7. An improved helmet and liner combination as claimed in claim 5 wherein one of said plies comprises a rubber-like material.
8. An improved helmet and liner combination as claimed in claim 5 wherein said bag-like member is somewhat helmet-shaped.
Steel helmets or "pots" as they are commonly called have been long used by members of the armed forces for containing water for bathing, shaving or the like during field exercises and under actual combat conditions. Recently the armed services have begun the adoption of a new "Kevlar" helmet to replace the "steel pots" and the new Kevlarhelmets have webbings attached directly thereto and are issued to soldiers without the relatively "stiff" liners as before.
While the new Kevlar helmets provide many advantages over the older steel types, including additional impact resistance, and more comfort and safety, a need has arisen for a liner which can be adapted to the new helmets.
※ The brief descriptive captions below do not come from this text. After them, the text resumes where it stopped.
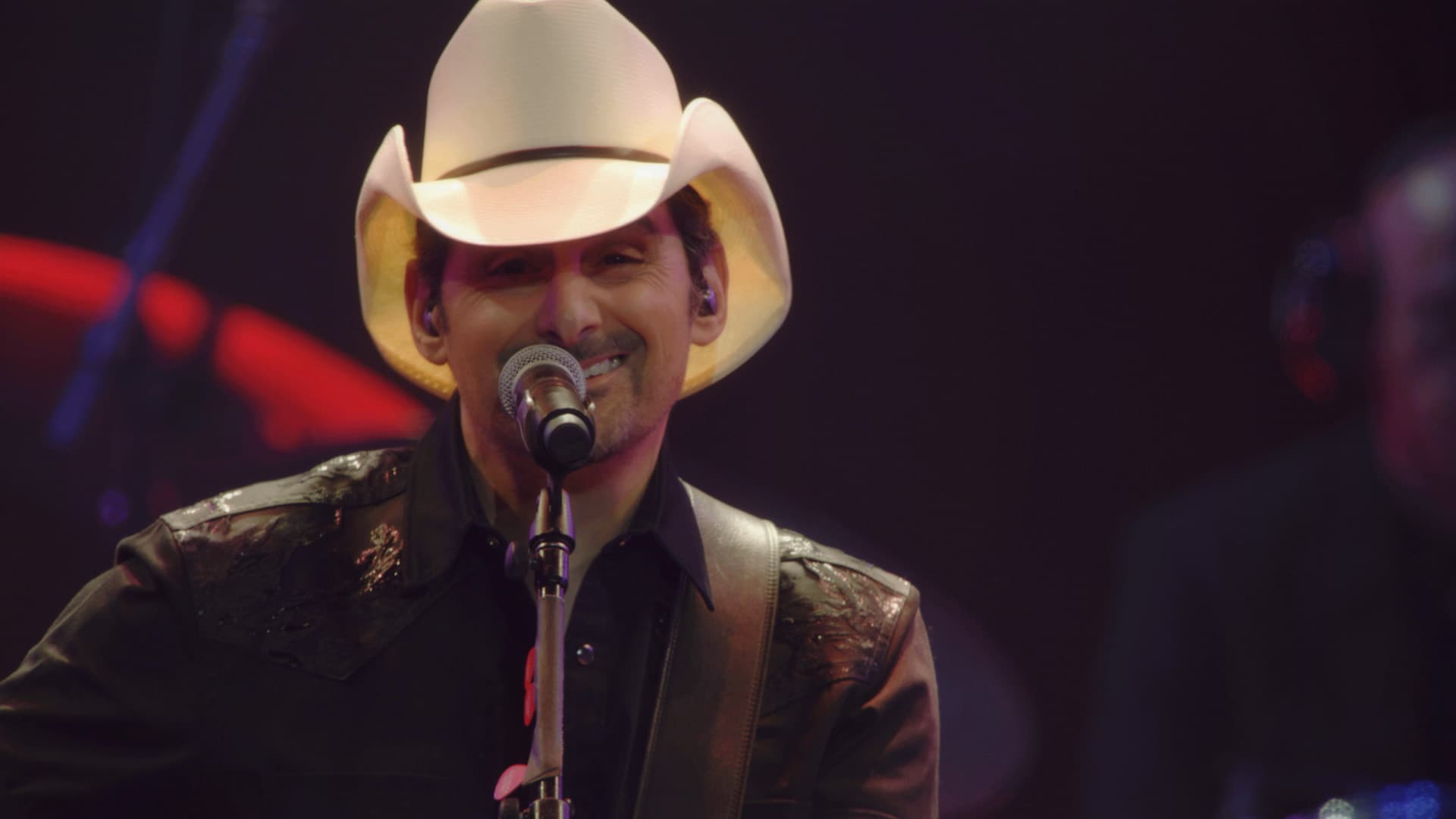 A man in a white cowboy hat and black shirt sings into a microphone on stage under dim lighting.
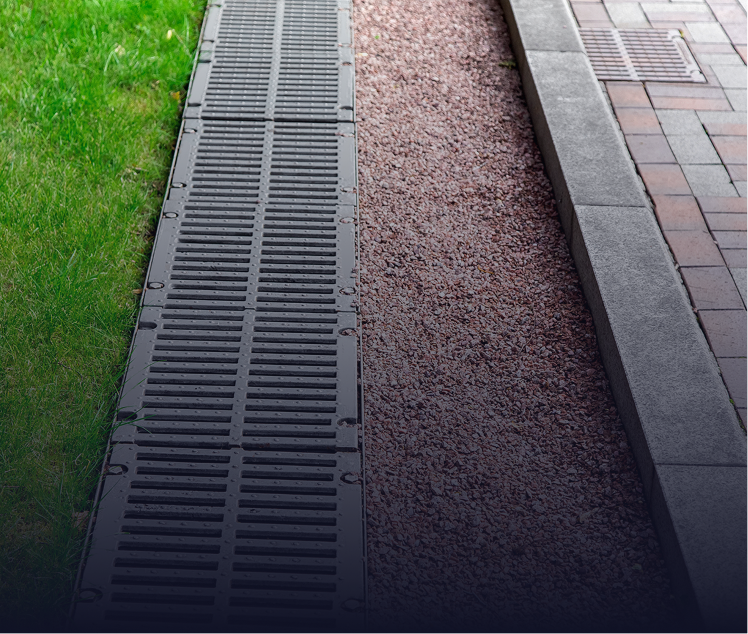 Grassy lawn, gravel bed, and paved sidewalk separated by a dark, slotted drainage channel.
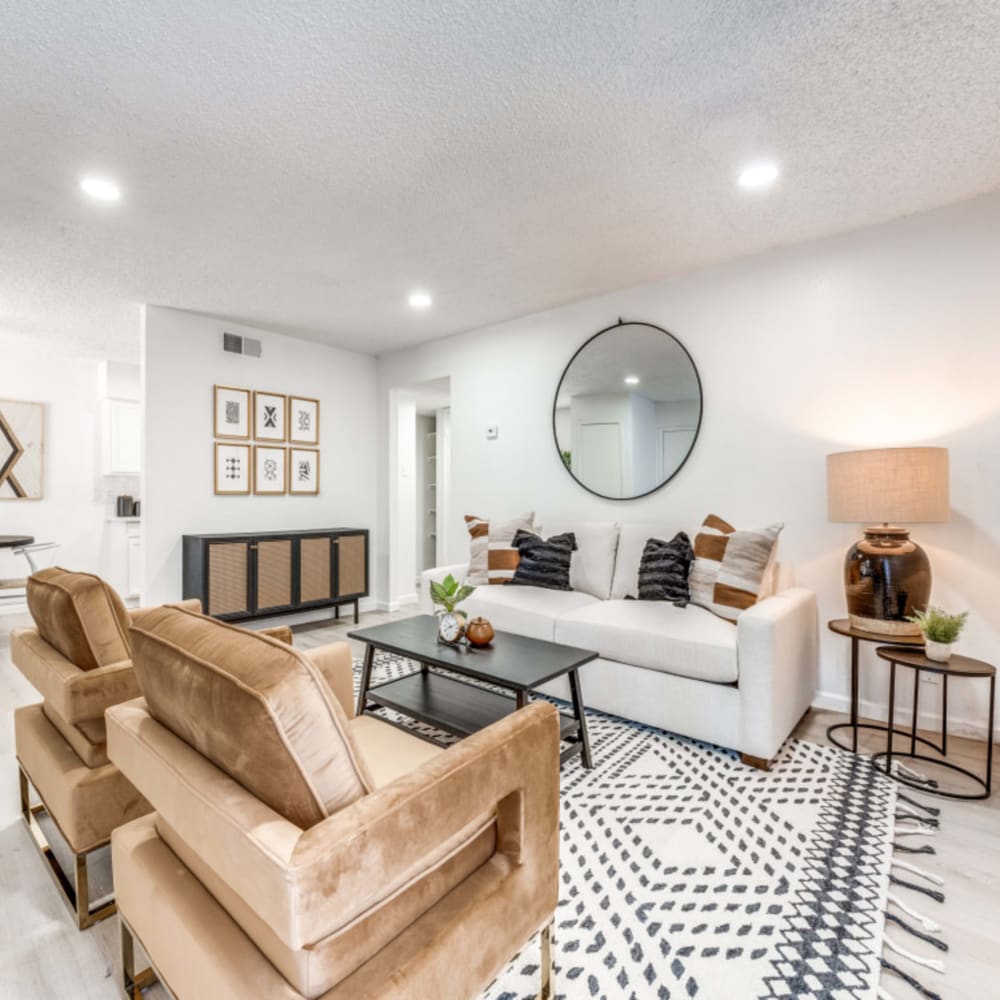 Modern living room with large windows at Merida in San Antonio, Texas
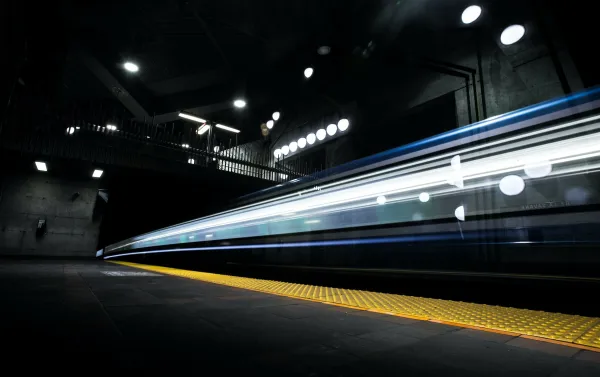 A subway train passes through a station platform at night, captured with motion blur to convey speed and movement, with blue and white lights trailing along the train's side and yellow tactile warning strips visible on the platform edge.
With this background in mind the present invention was developed and one of its objectives is to provide a helmet liner which is flexible and easily positioned in the helmet by stretching it over the open portion or rim of the helmet.
Another objective of the present invention is to provide a helmet liner which is impermeable to water and which has carrying handles.
It is still another objective of the present invention to provide a helmet liner which is flexible and which can be folded and placed between the webbing and the helmet to provide a cushion during paratrooping and other exercises.
It is still another objective of the present invention to provide a helmet liner which is relatively low in cost and which is economical to manufacture.
Other objectives and advantages of the present invention will become apparent to those skilled in the art by reviewing the details of the invention as set forth below.
A flexible helmet liner is presented herein which was developed primarily for the new "Kevlar" helmet as used by the United States Army. The helmet liner comprises a somewhat helmet-shaped bag-like member constructed of a thin flexible material and is placed inside the helmet to form a reservoir for water or the like. The helmet liner includes a retaining means and is water impermeable so that the liner can be used for washing, shaving or other purposes by soldiers in the field by removing the helmet and placing the helmet in inverted fashion on the ground or some other convenient location. The soldier can also use the helmet liner for carrying water over short distances, or for carrying ammunition or other items as the device is equipped with handle members which are of a convenient length for carrying it over the shoulder or otherwise.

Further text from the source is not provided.